With consumers facing increasing instances of poor services, increasing or reallocating capital expenditure to the extent of 10-20% in the past two months by the firms to install more equipment does not seem to be working and the situation is set to only get worse.
Wanting more: With consumers complaints about poor service quality increasing, higher spending by firms doesn’t seem to be working. Rajkumar/Mint
An official of the Telecom Regulatory Authority of India (Trai), who looks into the quarterly performance indicators report prepared by the regulator on the quality of India’s telecom sector, said the report for the three months to December is expected to show a significant rise in congestion levels. The report is expected later this month.
“The mix for their capital expenditure has changed for all the telcos from what they initially planned,” said an analyst with a local brokerage. “What they had allocated for use in non-wireless businesses and expansion into new and rural markets has come down, and been used in the wireless businesses.”
Another analyst at an international broking house said the telecom firms have spent money notably on electronic items such as boosters and repeaters due to the congestion on their networks in the metro cities.
This is despite the fact the Indian mobile phone companies are among the most efficient users of radio spectrum. Bharti Airtel Ltd and VodafoneEssar Ltd have 10MHz of spectrum in New Delhi but service as many as 5.6 million and 4.6 million subscribers, respectively. In countries such as the UK, each operator has at least 25MHz of air waves, compared with an average of 6MHz in India.
In a recent communique to Trai, Vodafone Essar said the total spectrum available to India’s mobile industry is half to two-thirds of the global average. “This situation has driven the industry to the brink, with roughly one-quarter of the average spectrum allocation of international operators despite higher customer bases,” the firm said. “Benchmarking shows that Indian spectral efficiency is probably the best in the world.”
Keeping up network quality has assumed urgency, with Indian regulators enabling processes that would let subscribers change service providers without changing their telephone number. “The loyalty of the customers is dependent on the network quality, and if it drops, then the higher revenue generating customers could end up going to rival operators while still keeping their numbers,” the analyst quoted first said.
According to him, even though the cost of 2G equipment has fallen drastically, it will become almost useless once 3G comes in. “This equipment is primarily for plain-vanilla voice services from which the telcos are not looking to generate much revenue in the coming quarters,” the analyst said. “An increasing part of revenues will come from data and other non-telecom services that need more spectrum and generate more revenue.”

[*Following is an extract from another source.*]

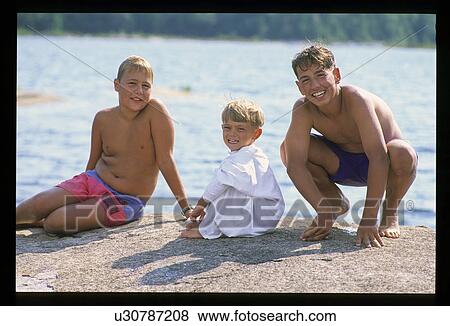 Three boys at the lake View Large Photo Image Stock Photo - Three boys at the lake. Fotosearch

The nearing auction of 3G spectrum is expected to cost a telecom firm $1 billion (Rs4,580 crore) and installing infrastructure could cost an additional $1-1.5 billion.
In April, the Telecom Disputes Settlement and Appellate Tribunal had said that according to licensing agreements, India’s telcos had a right to spectrum of up to 6.2MHz. It failed to specify what action was to be taken in the case of those companies which had spectrum allotted above 6.2MHz.
For instance, Bharti Airtel has already spent around a quarter of its estimated capital expenditure of $2 billion that it had given guidance for at the beginning of the year on its wireless business. At the time, the firm had said that half the money would go towards its tower arm (Bharti Infratel Ltd) while the rest would go towards its non-mobile businesses including broadband and IPTV. “If it has been spent on the wireless business, that would mean it went primarily to putting up equipment like repeaters and boosters which are not taken care of by the tower firm,” the analyst said.
A government spectrum committee had recommended that telcos in need of additional spectrum should bid for it through an auction, rather than having spectrum allocated to them. Following this, the finance ministry asked DoT to stop any further allocation of additional spectrum above 6.2MHz till the policy on additional allocation was clarified.
“They (finance ministry officials) are saying that if spectrum has to be auctioned, then let the price discovery of the spectrum be done and then we will auction more spectrum,” a senior DoT official said. “The price discovery will most probably be done based on the 3G auction.”
Trai is preparing its recommendations on the spectrum committee’s report after taking into account opinions from various stakeholders. The recommendations are expected by the end of January.